Angel Brittany

Angel Brittany

Wednesday, October 19, 2011

Changes

Fall has always been a favorite season for me.
 I guess I find it hard to really dislike any season entirely.

 I love the cold of winter.
The snow and ice can be so incredibly beautiful.
The lazy days snuggled up with family or a good book.
I do tire of the bleak days with limited sunlight if any.

 Spring brings a rebirth of the Earth.
 And renewed strength for me with the promise of more sunny days on the way.

Maybe I will escape this constant cold for a brief moment in the warm spring sunlight.
 As summer brings all it's glory and warmth I am reminded of summers past at almost every step.
 Summer is such a big part of childhood. Years are measured by summer and Christmas by most children it seems.
 As summer comes to a close it seems I am again drawn to family memories and what can never be.
       Lost potential ...

 Maybe it is the work I must do emotionally to prepare myself for the season and holidays to come.

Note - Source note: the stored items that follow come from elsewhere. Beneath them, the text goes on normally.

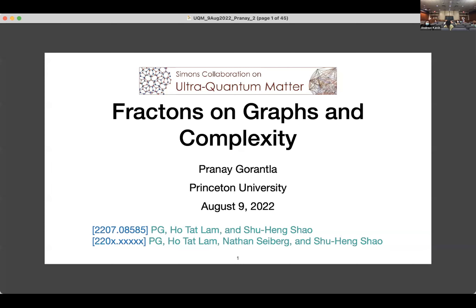Peter is a graduate student at Princeton with Nadi Saibur. He's going to talk about fractons on graphs and complexity. Thanks Arfit for the introduction, and thanks to the organizers for inviting me to give a talk here. Today I'll be talking about fractons and graphs and complexity.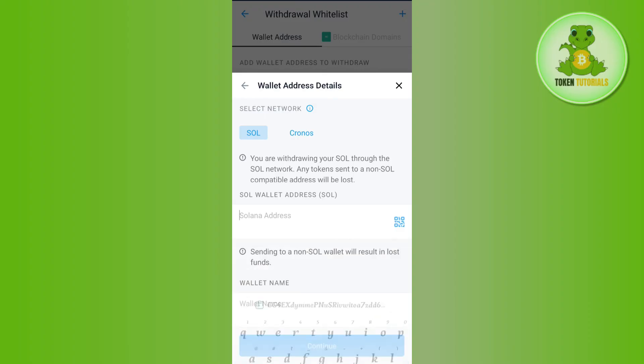Paste the address in this section. In the Wallet Name field, type Phantom Wallet, then press Continue. On the next page, enter the amount of Solana you want to transfer from your Crypto.com account to the Phantom Wallet. Review your transfer and after confirming, after some time you will receive your Solana in your Phantom Wallet.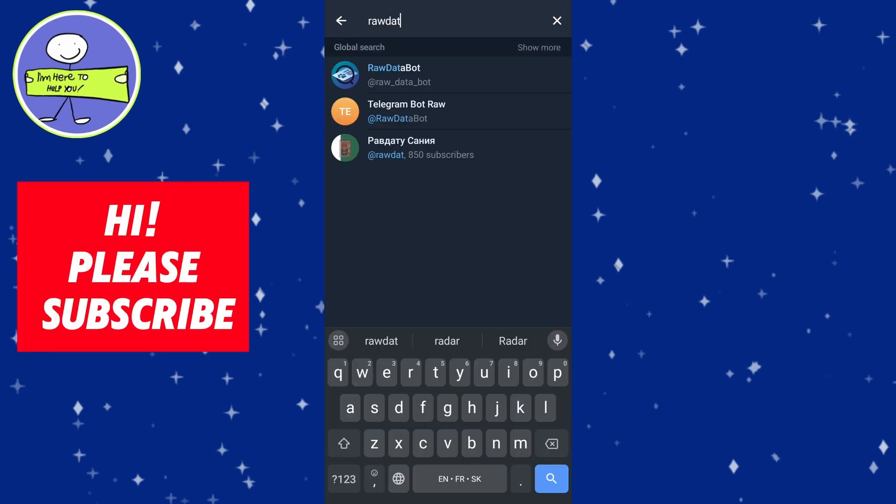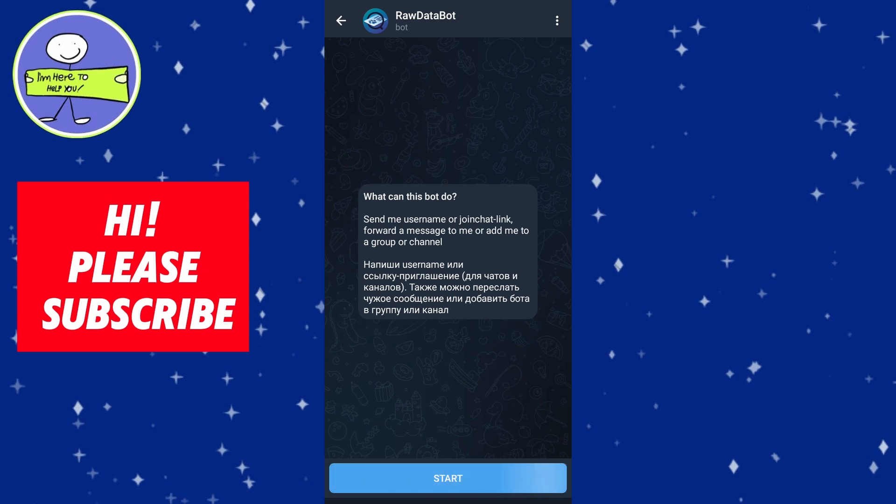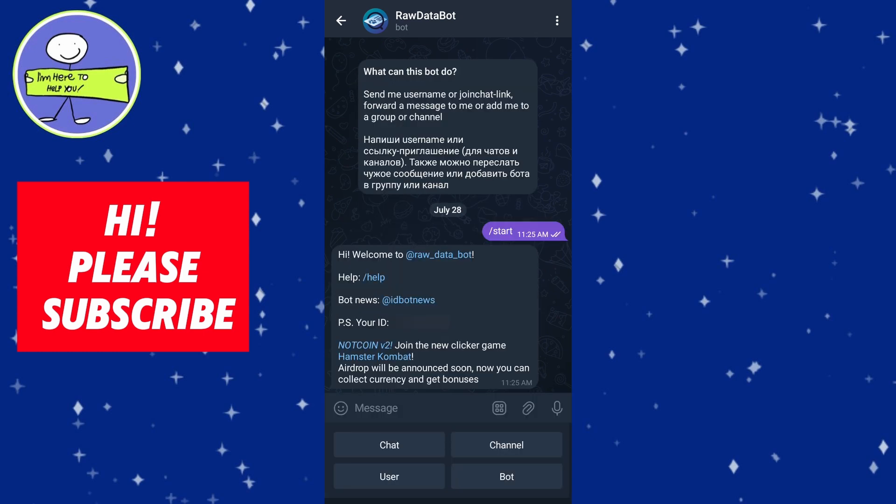Type in the bot name 'Raw Data Bot', select this bot, and click on Start to initiate bot interaction. This will automatically send a start command to the bot. The bot will respond with some information including your Telegram user ID. Look for a line that says 'Your ID is' followed by a number, and that's your user ID.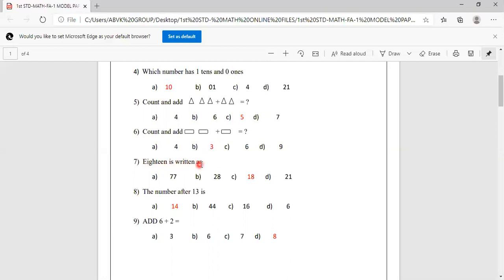18 is written as. Options are 777, 828, 818, 21. C is the correct answer, which is 818.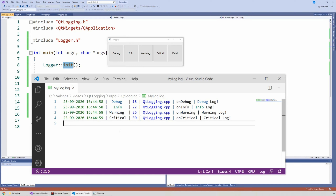Welcome. In this video, I'm going to show you how to set up a logging system using Qt. So let's get started.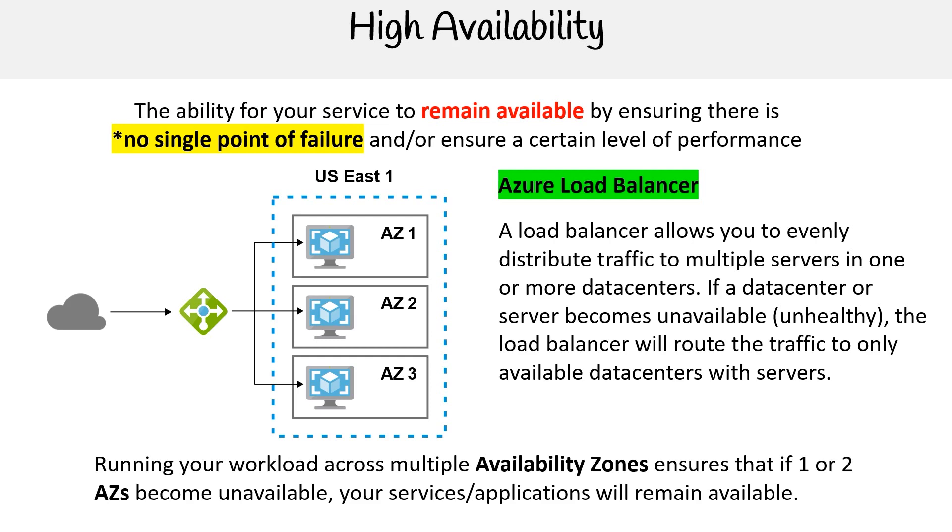A load balancer allows you to evenly distribute traffic to multiple servers in one or more data centers. If a data center or server becomes unavailable, or unhealthy, the load balancer will route the traffic to only available data centers with servers.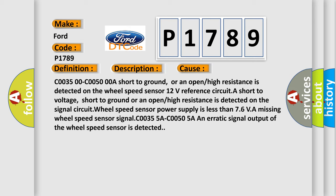Wheel speed sensor power supply is less than 7.6V. Missing wheel speed sensor signals C0035 5A-C0050 5A, or an erratic signal output of the wheel speed sensor is detected.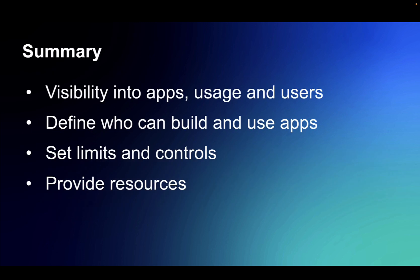So in summary, we saw how the Leap admin capabilities provide visibility into the apps on the server and the usage of those apps as well as the users. We saw how the Leap admin can configure or define who can build and use apps, how they can set different limits and controls, and provide resources to make Leap authors productive.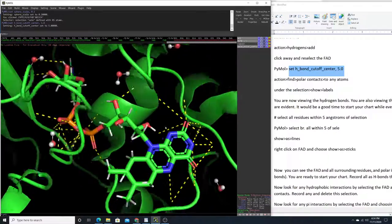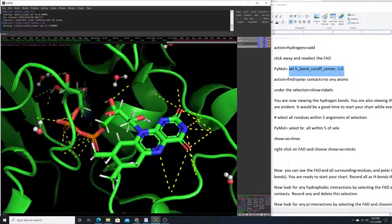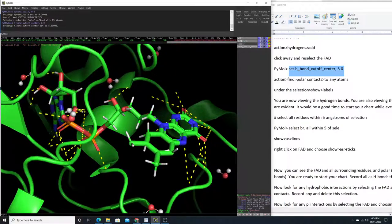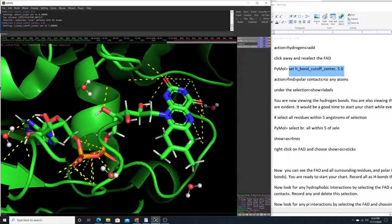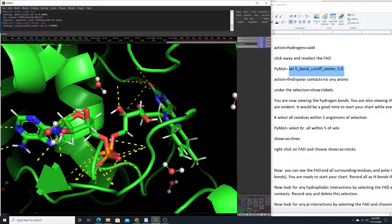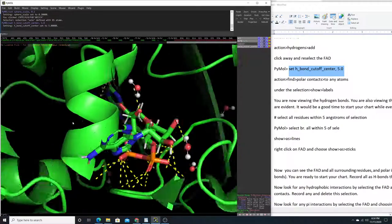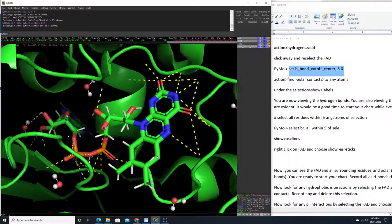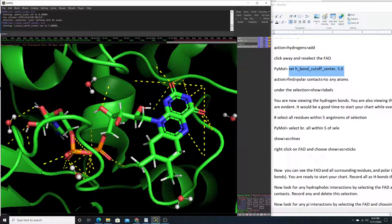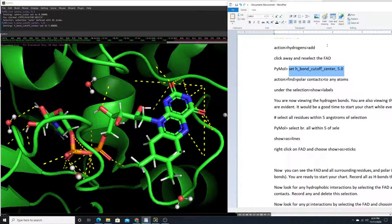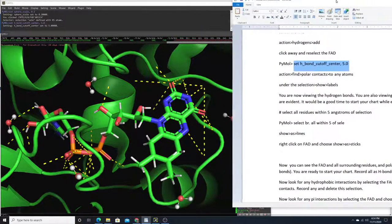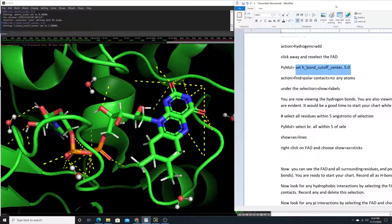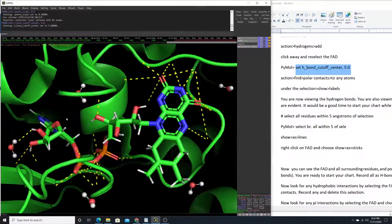Now you can view all of the hydrogen bonds that exist between the ligand and any other atoms. Notice there are some hydrogen bonds to at least one water — we have a couple of those. We also have hydrogen bonds to some of the side chains or backbones, but we can't see those yet, so we want to be able to view those as well.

 Maybe somewhere in these painful but sweet memories I am healing.

           Maybe I am learning to find my way out of this dark dark sorrow.

 As I sit here letting the memories flood my heart and mind. I can't help but let the tears flow I'm sure you know...

 I remembered our family trip to the "Trail of Doom".
 It's a corn maze near us. They have a haunted maze and an ghoul free maze. We found our way through the ghoul free maze first. We went on a hayride and picked our pumpkins.That was fun enough and the haunted maze was opening since it was just getting dark. I think Rose was 4, Savannah 7 Brittany was in 8th grade and Amber would have been a junior. If you know me, you know I think children should be prepared for the world as it is.. SCARY and all. As long as bad dreams aren't following them I think it's okay to expose my kids to scary things. I knew this maze was safe. A good scare now and then helps you learn to laugh at your fears. Heck I love scaring the little buggers! They have learned how to get even with me in the same way.

 Okay, back to the story.... So we as a family group, literally a huddle, begin our journey into the "Trail of Doom" as you walk thru the maze you happen upon scary creachers of every sort. Alien and otherwise. So I guess we were about half way through the maze when a chainsaw bearing "Jason" walked out of the corn behind us! Before this Amber had been bringing up the rear of our huddle. Amber rushed past me shoving me, who happened to be carrying Rose, into the corn!
 So picture this I can't use my hands to help myself up because Rose is clinging to my neck with all her might, The Looking over my shoulder she whispers"run mommy run". As I struggle to get up out of this "row" we have made into the corn the "monster" helps us up as the rest of the family keeps running...We did eventually emerge from the Trail of Doom unharmed, well most of us anyway.....

Family memories can be energizing for me at times and at others they can be so completely draining I don't know how to move on. I wish I had more video. I have started taking more... of the everyday kind of memories too.

I hope you all have a blessed Christmas.

Please add the Martin family to your prayers. Kyle might not make it through Christmas. Pray for the gift of peace for his wife and children. He is only 42. I won't say that's too young for cancer because any age is too young for cancer as far as I am concerned.